Web page caption snippets
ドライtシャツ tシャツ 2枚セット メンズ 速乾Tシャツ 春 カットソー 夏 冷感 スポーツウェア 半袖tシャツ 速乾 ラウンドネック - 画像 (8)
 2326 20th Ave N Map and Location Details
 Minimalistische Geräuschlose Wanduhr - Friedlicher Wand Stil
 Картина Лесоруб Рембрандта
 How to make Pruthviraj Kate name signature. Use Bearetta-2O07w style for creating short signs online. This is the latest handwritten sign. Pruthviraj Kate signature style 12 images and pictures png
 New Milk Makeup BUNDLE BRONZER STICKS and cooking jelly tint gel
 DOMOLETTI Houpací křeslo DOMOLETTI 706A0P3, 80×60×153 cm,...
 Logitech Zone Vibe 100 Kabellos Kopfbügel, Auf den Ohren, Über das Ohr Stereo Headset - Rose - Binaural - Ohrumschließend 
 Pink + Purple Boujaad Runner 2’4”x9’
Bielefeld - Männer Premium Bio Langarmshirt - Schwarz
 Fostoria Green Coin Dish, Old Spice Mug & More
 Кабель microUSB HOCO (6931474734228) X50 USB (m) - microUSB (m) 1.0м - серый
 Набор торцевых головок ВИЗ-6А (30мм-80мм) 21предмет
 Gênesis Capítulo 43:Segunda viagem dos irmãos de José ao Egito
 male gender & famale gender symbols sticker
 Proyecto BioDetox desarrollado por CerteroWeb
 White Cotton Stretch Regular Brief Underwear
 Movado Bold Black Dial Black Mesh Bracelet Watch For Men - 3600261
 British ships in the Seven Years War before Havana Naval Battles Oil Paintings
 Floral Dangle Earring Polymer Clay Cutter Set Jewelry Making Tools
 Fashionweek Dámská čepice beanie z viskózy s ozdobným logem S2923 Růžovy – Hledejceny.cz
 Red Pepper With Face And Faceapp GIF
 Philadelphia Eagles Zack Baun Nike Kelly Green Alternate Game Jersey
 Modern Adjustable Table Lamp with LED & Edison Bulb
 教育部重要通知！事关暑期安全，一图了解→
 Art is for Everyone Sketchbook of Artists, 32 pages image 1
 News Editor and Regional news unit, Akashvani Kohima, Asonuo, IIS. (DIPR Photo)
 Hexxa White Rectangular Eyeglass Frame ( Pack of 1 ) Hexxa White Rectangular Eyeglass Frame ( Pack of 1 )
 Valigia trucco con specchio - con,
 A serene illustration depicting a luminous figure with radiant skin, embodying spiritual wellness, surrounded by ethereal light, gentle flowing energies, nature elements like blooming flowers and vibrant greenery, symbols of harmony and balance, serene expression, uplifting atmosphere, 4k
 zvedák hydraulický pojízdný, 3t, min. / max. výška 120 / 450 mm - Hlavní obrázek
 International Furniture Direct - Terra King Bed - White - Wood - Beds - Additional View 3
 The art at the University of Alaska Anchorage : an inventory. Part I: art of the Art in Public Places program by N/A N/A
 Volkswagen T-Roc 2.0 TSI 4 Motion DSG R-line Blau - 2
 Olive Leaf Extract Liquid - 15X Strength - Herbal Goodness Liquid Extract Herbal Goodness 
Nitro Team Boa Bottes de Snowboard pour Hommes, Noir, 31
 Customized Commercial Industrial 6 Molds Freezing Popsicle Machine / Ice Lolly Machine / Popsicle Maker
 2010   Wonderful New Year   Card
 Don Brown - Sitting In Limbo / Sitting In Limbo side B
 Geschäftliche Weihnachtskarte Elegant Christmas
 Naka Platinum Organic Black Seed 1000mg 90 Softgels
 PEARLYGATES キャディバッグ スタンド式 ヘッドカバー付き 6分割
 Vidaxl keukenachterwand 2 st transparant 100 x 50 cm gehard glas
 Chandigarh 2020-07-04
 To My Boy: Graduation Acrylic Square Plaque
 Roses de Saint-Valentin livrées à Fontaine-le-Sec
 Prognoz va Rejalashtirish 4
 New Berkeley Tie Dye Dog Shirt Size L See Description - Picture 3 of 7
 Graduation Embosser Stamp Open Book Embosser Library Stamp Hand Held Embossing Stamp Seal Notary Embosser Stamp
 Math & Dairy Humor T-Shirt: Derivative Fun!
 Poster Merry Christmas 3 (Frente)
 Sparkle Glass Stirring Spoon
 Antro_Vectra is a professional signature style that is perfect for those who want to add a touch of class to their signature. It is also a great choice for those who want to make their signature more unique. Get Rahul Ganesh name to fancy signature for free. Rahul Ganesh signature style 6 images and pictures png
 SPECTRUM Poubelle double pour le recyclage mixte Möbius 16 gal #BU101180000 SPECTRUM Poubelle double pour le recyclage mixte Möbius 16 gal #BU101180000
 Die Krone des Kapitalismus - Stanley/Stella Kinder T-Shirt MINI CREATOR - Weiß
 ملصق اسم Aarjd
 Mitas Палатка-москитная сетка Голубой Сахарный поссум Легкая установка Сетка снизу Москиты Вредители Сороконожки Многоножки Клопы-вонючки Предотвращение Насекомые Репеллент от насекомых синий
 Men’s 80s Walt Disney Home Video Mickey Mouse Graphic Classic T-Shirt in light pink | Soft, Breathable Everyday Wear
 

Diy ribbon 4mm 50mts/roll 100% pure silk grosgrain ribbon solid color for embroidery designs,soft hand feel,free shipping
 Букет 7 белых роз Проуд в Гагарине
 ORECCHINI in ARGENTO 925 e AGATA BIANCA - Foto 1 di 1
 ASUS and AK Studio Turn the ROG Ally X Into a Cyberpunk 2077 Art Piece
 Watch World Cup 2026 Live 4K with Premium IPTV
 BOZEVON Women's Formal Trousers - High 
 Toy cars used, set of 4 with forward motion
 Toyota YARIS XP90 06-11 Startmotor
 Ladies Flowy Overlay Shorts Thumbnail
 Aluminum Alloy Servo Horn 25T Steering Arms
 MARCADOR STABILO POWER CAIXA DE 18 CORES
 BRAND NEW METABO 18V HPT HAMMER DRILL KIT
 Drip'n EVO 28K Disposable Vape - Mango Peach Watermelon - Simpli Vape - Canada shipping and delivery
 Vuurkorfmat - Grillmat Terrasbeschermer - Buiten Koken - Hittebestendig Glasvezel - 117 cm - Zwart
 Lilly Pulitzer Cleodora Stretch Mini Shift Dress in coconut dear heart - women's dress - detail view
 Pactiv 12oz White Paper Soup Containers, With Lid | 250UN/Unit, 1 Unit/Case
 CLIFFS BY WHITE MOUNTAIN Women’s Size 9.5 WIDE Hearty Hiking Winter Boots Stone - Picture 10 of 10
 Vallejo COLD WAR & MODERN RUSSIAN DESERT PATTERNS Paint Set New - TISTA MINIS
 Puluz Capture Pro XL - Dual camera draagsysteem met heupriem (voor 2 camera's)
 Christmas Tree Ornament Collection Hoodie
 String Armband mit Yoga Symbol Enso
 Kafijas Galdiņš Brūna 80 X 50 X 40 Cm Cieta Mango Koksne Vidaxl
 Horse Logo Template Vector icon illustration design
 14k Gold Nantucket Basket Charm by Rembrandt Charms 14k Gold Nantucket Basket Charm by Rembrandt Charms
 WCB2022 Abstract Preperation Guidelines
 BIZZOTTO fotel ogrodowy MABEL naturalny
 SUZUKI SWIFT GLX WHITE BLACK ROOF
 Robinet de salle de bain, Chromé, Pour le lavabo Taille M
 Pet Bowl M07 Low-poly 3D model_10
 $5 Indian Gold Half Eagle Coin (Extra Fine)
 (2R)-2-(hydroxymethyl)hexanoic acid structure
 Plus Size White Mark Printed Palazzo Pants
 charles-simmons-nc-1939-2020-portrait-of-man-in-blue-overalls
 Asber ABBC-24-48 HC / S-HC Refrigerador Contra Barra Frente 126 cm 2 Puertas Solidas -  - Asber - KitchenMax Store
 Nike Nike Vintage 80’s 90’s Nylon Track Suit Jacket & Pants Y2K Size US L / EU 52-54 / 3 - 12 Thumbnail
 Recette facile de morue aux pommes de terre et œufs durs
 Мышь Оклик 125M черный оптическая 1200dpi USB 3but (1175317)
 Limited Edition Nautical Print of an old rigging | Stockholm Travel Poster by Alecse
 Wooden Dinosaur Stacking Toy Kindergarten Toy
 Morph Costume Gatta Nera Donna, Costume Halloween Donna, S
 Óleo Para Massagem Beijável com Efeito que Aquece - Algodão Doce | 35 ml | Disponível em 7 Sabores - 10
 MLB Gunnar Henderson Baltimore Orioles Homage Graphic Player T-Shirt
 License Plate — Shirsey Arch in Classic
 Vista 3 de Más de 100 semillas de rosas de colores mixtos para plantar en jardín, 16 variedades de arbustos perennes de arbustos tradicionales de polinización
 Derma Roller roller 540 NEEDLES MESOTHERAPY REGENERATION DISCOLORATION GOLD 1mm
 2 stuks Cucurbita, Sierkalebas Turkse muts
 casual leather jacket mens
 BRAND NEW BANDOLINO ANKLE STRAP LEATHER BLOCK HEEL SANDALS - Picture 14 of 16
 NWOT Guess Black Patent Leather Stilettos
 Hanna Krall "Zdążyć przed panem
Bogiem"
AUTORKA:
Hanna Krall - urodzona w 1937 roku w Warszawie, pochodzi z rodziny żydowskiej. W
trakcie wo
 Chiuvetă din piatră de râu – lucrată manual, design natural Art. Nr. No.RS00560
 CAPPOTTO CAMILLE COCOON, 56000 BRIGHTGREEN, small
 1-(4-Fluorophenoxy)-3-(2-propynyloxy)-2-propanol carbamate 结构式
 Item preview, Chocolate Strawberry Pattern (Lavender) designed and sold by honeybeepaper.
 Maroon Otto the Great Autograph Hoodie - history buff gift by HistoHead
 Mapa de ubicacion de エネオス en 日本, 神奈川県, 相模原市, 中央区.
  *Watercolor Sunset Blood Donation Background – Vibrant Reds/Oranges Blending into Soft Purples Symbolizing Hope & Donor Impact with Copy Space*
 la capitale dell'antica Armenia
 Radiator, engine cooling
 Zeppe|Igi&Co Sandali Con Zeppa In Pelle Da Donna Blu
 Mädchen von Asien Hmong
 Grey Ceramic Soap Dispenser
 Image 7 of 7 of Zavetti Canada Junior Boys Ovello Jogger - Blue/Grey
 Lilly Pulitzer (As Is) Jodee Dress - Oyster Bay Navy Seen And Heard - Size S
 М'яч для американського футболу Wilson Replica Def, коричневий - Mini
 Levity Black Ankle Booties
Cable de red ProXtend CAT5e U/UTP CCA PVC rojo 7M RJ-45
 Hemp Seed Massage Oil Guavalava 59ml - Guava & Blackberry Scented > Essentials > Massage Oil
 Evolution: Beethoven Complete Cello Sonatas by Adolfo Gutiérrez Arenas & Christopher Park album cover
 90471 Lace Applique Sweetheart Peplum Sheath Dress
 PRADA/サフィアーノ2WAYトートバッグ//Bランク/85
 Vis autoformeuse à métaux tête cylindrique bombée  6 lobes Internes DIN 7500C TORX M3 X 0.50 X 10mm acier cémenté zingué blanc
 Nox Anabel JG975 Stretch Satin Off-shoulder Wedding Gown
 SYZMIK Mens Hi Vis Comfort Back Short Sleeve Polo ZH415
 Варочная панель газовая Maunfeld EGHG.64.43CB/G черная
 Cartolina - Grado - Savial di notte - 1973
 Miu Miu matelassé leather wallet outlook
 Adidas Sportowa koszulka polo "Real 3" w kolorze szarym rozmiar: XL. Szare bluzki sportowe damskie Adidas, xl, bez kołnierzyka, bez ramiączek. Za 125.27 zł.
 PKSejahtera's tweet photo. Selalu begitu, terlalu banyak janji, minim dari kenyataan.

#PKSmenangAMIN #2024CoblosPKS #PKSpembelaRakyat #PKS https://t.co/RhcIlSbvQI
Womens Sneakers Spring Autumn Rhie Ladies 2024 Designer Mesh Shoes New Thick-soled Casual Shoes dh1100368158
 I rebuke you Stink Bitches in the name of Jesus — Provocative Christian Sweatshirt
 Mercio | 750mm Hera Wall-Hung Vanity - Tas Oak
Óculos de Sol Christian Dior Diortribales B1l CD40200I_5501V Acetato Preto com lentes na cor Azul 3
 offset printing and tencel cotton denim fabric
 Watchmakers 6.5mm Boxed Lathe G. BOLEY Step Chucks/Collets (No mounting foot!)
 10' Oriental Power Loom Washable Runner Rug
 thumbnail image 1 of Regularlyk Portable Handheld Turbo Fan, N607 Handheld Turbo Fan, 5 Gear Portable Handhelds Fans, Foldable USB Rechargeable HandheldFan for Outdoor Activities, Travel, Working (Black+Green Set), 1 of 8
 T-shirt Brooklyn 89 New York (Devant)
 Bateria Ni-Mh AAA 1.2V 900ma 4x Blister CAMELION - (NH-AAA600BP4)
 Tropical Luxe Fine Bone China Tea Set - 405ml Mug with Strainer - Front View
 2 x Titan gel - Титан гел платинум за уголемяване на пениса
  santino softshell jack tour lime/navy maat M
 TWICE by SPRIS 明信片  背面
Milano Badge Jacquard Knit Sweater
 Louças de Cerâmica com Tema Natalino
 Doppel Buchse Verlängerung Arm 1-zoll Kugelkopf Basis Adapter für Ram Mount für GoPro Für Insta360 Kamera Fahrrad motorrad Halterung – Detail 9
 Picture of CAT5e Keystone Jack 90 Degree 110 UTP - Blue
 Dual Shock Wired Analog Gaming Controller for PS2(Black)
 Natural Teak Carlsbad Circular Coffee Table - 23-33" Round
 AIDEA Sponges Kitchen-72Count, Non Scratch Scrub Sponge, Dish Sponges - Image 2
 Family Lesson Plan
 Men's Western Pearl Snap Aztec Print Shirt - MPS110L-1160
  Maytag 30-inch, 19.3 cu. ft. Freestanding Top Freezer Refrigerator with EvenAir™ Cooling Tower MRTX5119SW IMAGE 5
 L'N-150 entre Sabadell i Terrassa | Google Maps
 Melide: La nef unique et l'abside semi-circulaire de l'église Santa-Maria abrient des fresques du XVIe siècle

Requirement: Exactly as they appear above, output the lines of the data from the first through the one that contains "Bielefeld - Männer", and only those lines.

Response area:
ドライtシャツ tシャツ 2枚セット メンズ 速乾Tシャツ 春 カットソー 夏 冷感 スポーツウェア 半袖tシャツ 速乾 ラウンドネック - 画像 (8)
 2326 20th Ave N Map and Location Details
 Minimalistische Geräuschlose Wanduhr - Friedlicher Wand Stil
 Картина Лесоруб Рембрандта
 How to make Pruthviraj Kate name signature. Use Bearetta-2O07w style for creating short signs online. This is the latest handwritten sign. Pruthviraj Kate signature style 12 images and pictures png
 New Milk Makeup BUNDLE BRONZER STICKS and cooking jelly tint gel
 DOMOLETTI Houpací křeslo DOMOLETTI 706A0P3, 80×60×153 cm,...
 Logitech Zone Vibe 100 Kabellos Kopfbügel, Auf den Ohren, Über das Ohr Stereo Headset - Rose - Binaural - Ohrumschließend 
 Pink + Purple Boujaad Runner 2’4”x9’
Bielefeld - Männer Premium Bio Langarmshirt - Schwarz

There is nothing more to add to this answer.